Il 1898 iniziò con una serie di tumulti che interessarono tutto il territorio nazionale, soprattutto a causa dei bassi salari, degli alti tassi di disoccupazione e dell’aumento del prezzo del pane. Per la repressione il governo non utilizzava solo le forze di polizia, ma anche l’esercito, il quale invece aveva quale compito primario la difesa dei confini nazionali. L’apice fu raggiunto a Milano, dove il regio commissario straordinario, il generale Fiorenzo Bava Beccaris, soffocò i disordini facendo sparare sulla folla affamata con i cannoni. Fu una carneficina. Di conseguenza, anche il governo Di Rudinì fu costretto alle dimissioni. Per i fatti di Milano il re Umberto I decorò il generale Bava Beccaris con la gran croce dell’Ordine militare di Savoia. Per vendetta, il 29 luglio 1900 l’anarchico Gaetano Bresci uccideva Umberto I.

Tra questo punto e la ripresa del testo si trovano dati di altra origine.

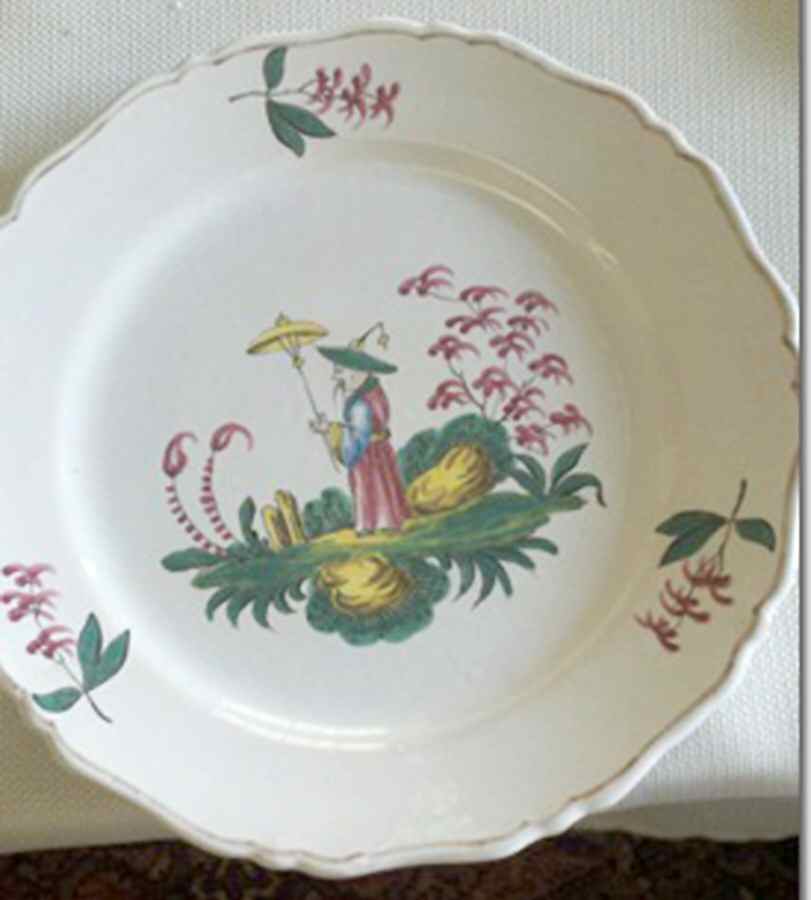 FAN105 Dinner Plate by France-1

La sconfitta di Adua aveva spazzato via la classe di potere nata nel Risorgimento che in 35 anni di vita del Regno d’Italia aveva provocato due disastri militari (nel 1866 e nel 1896), aveva dato vita al trasformismo politico, aveva generato una corruzione endemica in ogni ramo della società e si era involuta da liberale e rivoluzionaria a reazionaria e autoritaria. Col nuovo secolo prendeva il suo posto quella generazione disillusa raccontata da Pirandello, la quale non si era sacrificata nei campi di battaglia del Risorgimento o nei carceri degli Stati preunitari, ma aveva trovato una via preferenziale grazie ai privilegi guadagnati dai padri. Iniziava l’era giolittiana, con una politica inizialmente cauta e aperta, poi sfociata in un nuovo colonialismo, precipitando infine gli italiani nel tritacarne della prima guerra mondiale.